▶ **Exercise details**
Lift out, unaltered, the lines of the material below between the line holding "Yakult em embalagem e em copo" and the line holding "Campesinos de Charo", counting both.

====== Data for this exercise ======

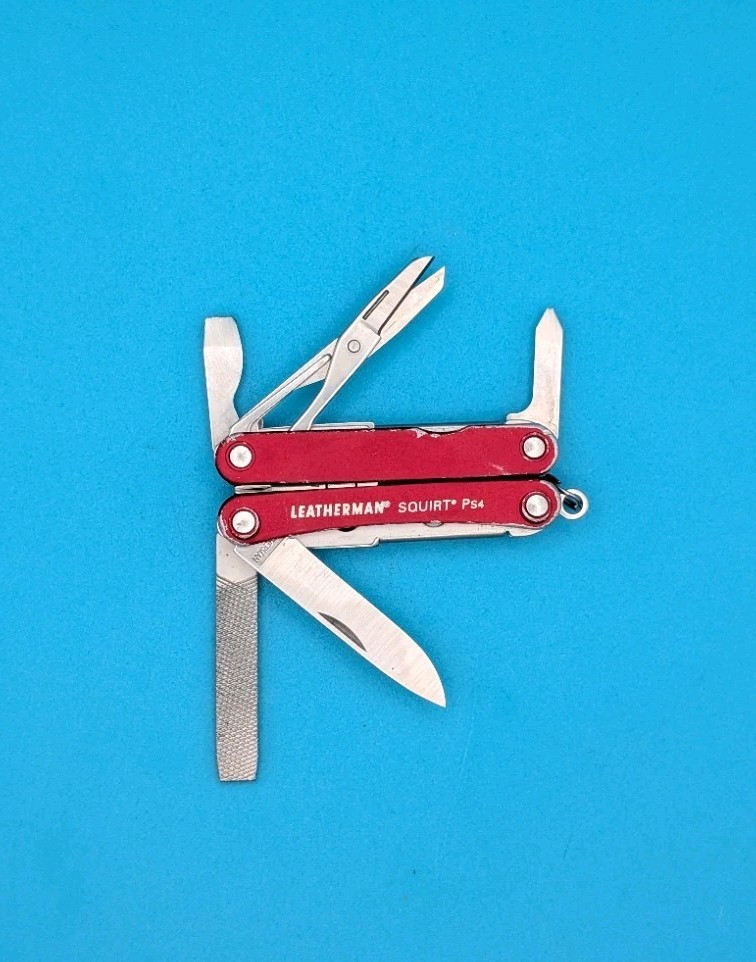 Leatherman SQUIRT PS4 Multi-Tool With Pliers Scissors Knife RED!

======
====== Data for this exercise ======

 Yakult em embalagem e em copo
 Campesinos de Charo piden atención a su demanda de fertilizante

======

▶ **Exercise output**
 Yakult em embalagem e em copo
 Campesinos de Charo piden atención a su demanda de fertilizante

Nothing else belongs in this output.